The U.S. House of Representatives passed the Equality Act 236-173 in a May 17 vote.
The legislation, which is H.R. 5 and was introduced by U.S. Reps. David Cicilline ( D-RI ) and Brian Fitzpatrick ( R-PA ), codifies protections against discrimination on the basis of sexual orientation or gender identity within existing non-discrimination frameworks, such as the Civil Rights Act of 1964.
Cicilline first introduced a version of the Equality Act in 2015. House Speaker Nancy Pelosi had long promised to introduce the Equality Act this session.
Among the Illinois House delegation, votes were split along party lines, with all Democratic members voting in favor of H.B. 5. Among those affirmative votes was 3rd District Rep. Dan Lipinski, who has frequently opposed pro-LGBT legislation and is facing aggressive opposition from his rival in the last Democratic primary, Marie Newman, who has already made known that she's running again.
Other affirmative votes included U.S. Reps. Bobby Rush ( 1st ), Robin Kelly ( 2nd ), Jesus "Chuy" Garcia ( 4th ), Mike Quigley ( 5th ), Sean Casten ( 6th ), Danny Davis ( 7th ), Raja Krishnamoorthi ( 8th ), Jan Schakowsky ( 9th ), Brad Schneider ( 10th ), Bill Foster ( 11th ), Lauren Underwood ( 14th ) and Cheri Bustos ( 17th ).

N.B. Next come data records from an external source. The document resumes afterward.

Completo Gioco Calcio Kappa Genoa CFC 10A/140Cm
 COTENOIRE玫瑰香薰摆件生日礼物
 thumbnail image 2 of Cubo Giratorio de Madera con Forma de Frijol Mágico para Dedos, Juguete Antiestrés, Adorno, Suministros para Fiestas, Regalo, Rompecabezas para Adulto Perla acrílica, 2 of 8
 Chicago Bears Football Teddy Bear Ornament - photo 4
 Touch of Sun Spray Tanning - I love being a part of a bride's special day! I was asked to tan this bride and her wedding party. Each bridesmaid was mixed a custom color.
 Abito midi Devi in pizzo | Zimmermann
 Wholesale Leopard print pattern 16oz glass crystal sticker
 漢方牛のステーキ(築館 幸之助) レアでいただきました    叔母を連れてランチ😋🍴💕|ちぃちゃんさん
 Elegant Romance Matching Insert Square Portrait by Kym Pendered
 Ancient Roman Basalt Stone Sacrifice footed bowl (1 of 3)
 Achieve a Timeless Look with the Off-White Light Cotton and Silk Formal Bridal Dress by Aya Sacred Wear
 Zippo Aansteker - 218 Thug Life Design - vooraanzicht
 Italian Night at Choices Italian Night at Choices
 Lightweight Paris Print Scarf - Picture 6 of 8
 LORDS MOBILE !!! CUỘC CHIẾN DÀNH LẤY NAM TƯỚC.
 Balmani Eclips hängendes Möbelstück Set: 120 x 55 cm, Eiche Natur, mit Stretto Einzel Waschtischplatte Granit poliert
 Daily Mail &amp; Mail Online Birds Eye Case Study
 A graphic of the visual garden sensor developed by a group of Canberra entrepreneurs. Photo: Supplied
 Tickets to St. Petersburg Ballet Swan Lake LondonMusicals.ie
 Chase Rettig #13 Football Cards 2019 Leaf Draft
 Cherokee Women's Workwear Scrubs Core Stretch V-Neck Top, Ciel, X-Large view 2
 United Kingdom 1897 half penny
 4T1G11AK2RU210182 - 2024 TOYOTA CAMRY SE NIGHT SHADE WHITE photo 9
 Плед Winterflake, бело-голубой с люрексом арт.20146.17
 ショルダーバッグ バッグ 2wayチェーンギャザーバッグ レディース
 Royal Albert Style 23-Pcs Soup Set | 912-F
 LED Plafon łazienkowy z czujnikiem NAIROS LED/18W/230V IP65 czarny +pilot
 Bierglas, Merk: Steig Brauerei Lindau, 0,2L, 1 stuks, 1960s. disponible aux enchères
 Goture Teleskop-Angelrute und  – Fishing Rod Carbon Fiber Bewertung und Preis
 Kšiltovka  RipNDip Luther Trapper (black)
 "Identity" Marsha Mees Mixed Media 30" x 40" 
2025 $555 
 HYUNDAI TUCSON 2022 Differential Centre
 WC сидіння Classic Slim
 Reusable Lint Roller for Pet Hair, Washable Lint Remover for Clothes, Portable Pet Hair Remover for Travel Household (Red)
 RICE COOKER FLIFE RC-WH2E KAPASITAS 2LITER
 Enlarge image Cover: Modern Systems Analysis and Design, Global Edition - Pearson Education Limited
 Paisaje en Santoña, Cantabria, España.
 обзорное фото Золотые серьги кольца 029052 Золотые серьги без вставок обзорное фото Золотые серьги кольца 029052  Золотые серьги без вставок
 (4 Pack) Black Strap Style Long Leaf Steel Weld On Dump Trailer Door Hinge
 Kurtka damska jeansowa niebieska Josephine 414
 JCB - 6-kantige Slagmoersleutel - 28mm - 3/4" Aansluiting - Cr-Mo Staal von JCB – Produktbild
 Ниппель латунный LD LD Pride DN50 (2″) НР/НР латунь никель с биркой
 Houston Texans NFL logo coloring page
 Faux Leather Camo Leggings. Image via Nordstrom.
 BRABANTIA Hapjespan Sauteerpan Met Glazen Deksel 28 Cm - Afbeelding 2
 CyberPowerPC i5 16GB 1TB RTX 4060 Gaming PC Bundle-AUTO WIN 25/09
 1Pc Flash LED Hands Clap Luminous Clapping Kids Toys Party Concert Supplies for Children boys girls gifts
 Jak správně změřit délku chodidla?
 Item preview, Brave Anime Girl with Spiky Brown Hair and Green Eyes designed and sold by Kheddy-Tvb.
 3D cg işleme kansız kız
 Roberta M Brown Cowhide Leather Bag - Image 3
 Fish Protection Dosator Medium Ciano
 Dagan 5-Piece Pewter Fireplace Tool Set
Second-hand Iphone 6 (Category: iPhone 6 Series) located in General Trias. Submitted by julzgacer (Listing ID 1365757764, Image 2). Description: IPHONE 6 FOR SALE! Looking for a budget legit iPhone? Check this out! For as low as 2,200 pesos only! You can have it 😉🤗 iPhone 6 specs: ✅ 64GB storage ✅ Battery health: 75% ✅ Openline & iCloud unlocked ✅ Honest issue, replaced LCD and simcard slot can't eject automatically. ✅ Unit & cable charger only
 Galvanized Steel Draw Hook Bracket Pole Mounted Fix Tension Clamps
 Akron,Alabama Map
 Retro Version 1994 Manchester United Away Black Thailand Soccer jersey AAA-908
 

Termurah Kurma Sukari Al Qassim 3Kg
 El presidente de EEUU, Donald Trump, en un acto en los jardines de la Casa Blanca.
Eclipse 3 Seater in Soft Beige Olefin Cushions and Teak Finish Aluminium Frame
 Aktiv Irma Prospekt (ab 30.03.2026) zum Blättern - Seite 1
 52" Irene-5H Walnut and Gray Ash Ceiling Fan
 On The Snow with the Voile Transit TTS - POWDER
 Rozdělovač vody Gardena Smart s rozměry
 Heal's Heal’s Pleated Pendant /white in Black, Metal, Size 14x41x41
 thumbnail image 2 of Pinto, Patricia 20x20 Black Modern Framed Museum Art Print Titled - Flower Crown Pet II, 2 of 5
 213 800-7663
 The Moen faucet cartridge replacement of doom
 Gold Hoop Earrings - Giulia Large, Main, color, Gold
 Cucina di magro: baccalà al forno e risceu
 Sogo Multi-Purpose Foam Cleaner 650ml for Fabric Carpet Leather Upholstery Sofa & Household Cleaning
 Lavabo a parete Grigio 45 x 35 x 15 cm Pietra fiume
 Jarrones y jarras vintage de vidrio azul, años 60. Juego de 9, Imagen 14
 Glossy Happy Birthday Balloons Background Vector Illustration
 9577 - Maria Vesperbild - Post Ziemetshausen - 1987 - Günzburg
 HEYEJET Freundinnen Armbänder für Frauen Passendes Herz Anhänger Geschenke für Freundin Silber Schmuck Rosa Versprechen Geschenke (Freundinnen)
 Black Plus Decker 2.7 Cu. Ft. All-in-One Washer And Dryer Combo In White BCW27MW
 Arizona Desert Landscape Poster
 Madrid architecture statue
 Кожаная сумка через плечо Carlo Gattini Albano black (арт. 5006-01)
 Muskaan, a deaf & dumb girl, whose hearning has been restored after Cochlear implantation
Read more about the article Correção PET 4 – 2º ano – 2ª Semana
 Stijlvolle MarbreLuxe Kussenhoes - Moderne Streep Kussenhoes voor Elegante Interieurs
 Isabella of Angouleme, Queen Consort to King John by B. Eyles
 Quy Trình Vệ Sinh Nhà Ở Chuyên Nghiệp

Republican "No" votes included U.S Reps. Mike Bost ( 12th ), Rodney Davis ( 13th ), John Shimkus ( 15th ) and Adam Kinzinger (16th). One other Republican, Rep. Darin LaHood ( 18th ), did not vote.
Politicians and advocates praised the House vote, but acknowledged the opposition the Equality Act is expected to face in the Republican-controlled Senate.
"Today, on International Day Against Homophobia, Transphobia and Biphobia, House Democrats passed the Equality Act to ensure that LGBTQ+ Americans are protected by the same federal civil rights laws that protect their straight and cisgender counterparts," said Quigley in a May 17 statement. " ... I am committed to working with my colleagues to put pressure on Senate Majority Leader Mitch McConnell to bring this critical legislation to the floor of the Senate for a vote. And I will never stop fighting for LGBTQ+ Americans."
Lambda Legal Interim CEO Richard Burns said in a statement that, "We call on the Senate to give the Equality Act the full, fair and comprehensive consideration it deserves. The Equality Act addresses the inadequate patchwork of protections that vary from state to state with a broad federal statute protecting LGBTQ people across the country and throughout their daily lives."